Sections are discarded mainly because they are comdat sections and deduplicated. Comdat sections are discarded as a group, so I believe there's no reference pointing to discarded sections from outside of the group. That means I think we shouldn't see discarded sections in the mark-sweep collector here. What am I missing?

In D24750#547093, @ruiu wrote:

Sections are discarded mainly because they are comdat sections and deduplicated. Comdat sections are discarded as a group, so I believe there's no reference pointing to discarded sections from outside of the group. That means I think we shouldn't see discarded sections in the mark-sweep collector here. What am I missing?

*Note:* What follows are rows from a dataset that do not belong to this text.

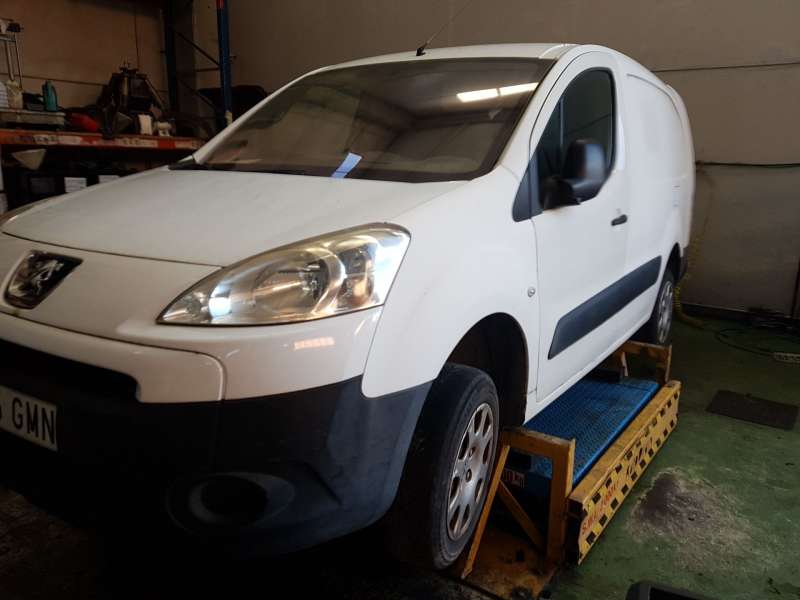 peugeot partner kombi del año 2009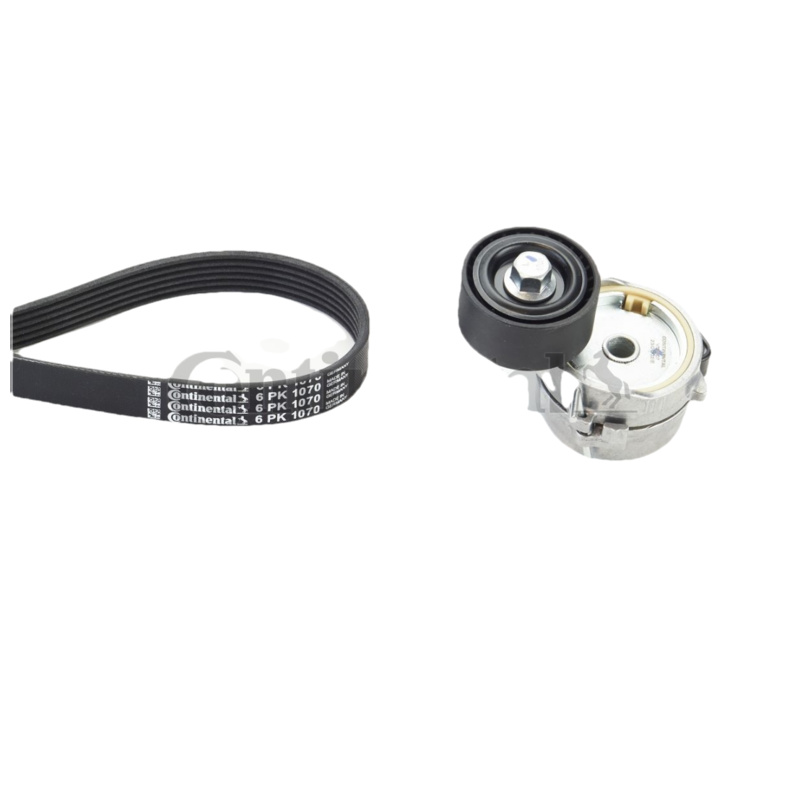 CONTITECH Ozubený klinový remeň - Sada 6PK1070K5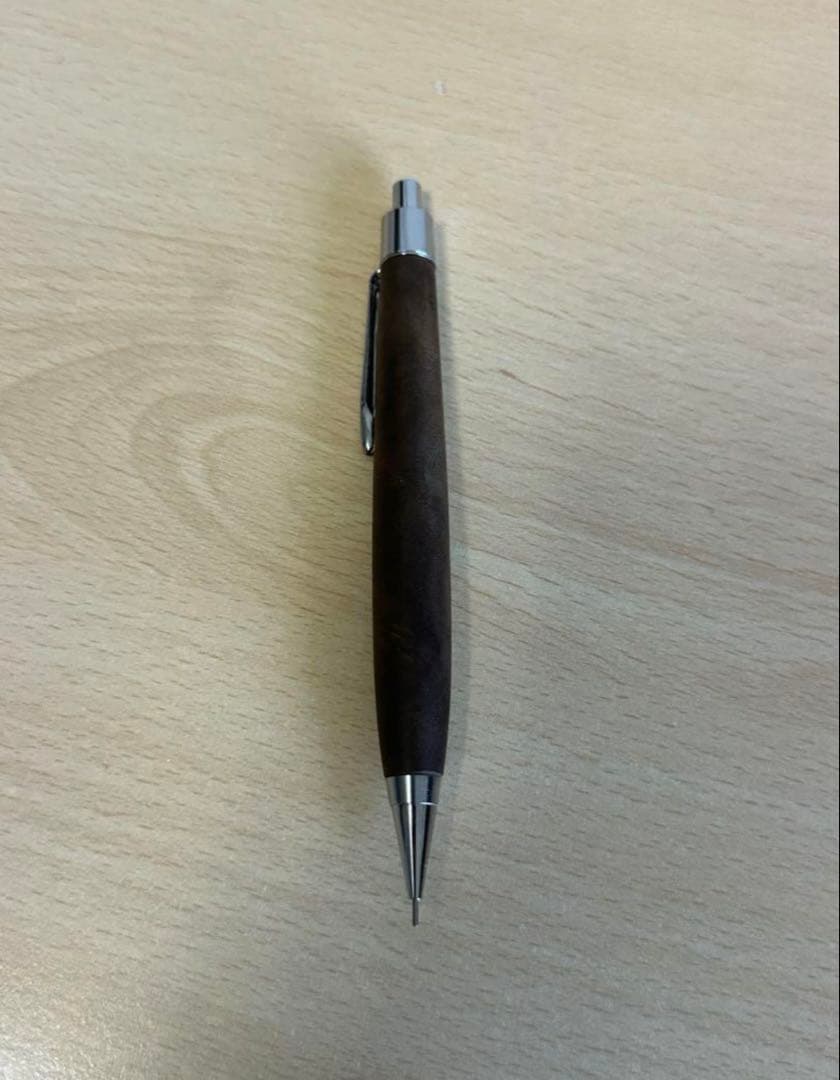 クラフトエー　シャープペンシルII クラロウォールナット瘤杢0.5 クラフトA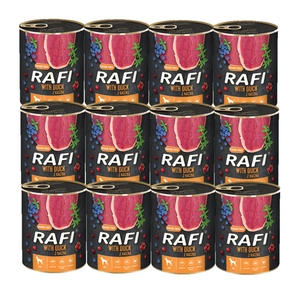 DOLINA NOTECI Rafi s kachnou 12x800g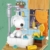 BlueBrixx Pro 107356 – Snoopy nimmt EIN Bad aus Klemmbausteinen mit 101 Bauelementen - 3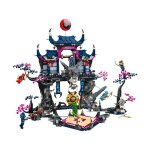 Lego ninjago 71813 le dojo de l?ombre au masque de loup cadeaux jouets objets de collection 9 +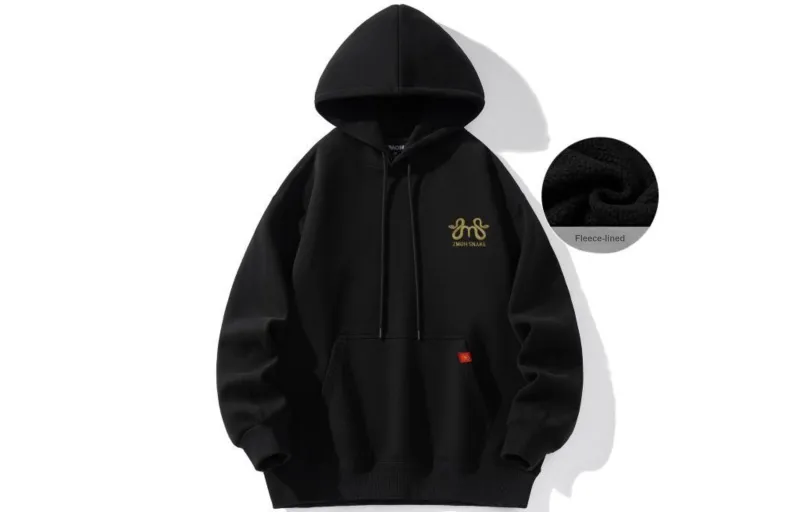 ZMOH Fleece Lined Hoodie Unisex-7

I'm not very familiar with the algorihtm, so I may miss something (or at least, not as familiar as the person who wrote it :)), but, it's not entirely clear to me what prevents &InputSection<ELFT>::Discarded to reach the mark&sweep algorithm.
In initializeSections() we set Sections[I] == &InputSection<ELFT>::Discarded and never change it. In the Enqueue function we might end up enqueuing a DiscardedSection if ResolvedReloc refers to it.

To convince myself this was actually possible in the current code, I put the following assertion in Enqueue:

if (InputSection<ELFT> *S = dyn_cast<InputSection<ELFT>>(R.Sec)) {
  if (S == &InputSection<ELFT>::Discarded)
    llvm_unreachable("foo");
  Q.push_back(S);
}

So, are you saying that a ResolvedReloc which points to &InputSection<ELFT>::Discarded is not possible? If so, the current code violates this invariant and needs to be fixed.

ruiu added a comment.Sep 20 2016, 3:32 PM

Quote from https://docs.oracle.com/cd/E23824_01/html/819-0690/chapter7-26.html:

References to the sections comprising a group from sections outside of the group must be made through symbol table entries with STB_GLOBAL or STB_WEAK binding and section index SHN_UNDEF.

comdat.s contains relocations directly referring a section comprising a comdat group from outside of the group, so it is an invalid object file as per the ELF spec. Even with this change, comdat.s wouldn't be linked properly because it has a dangling relocation that points to a dedup'ed (and removed) section.

So even though we might want to add an error check here (I'm not sure if we really want it though), I think ignoring the error here is not a right thing.

So, lld is currently crashing on this test. I personally consider it a bug. I'd be happy to turn this into an error, if you don't mind.

ruiu added a comment.Sep 20 2016, 3:43 PM

Yeah, I think we should check this error. We want to report the error even without --gc-sections.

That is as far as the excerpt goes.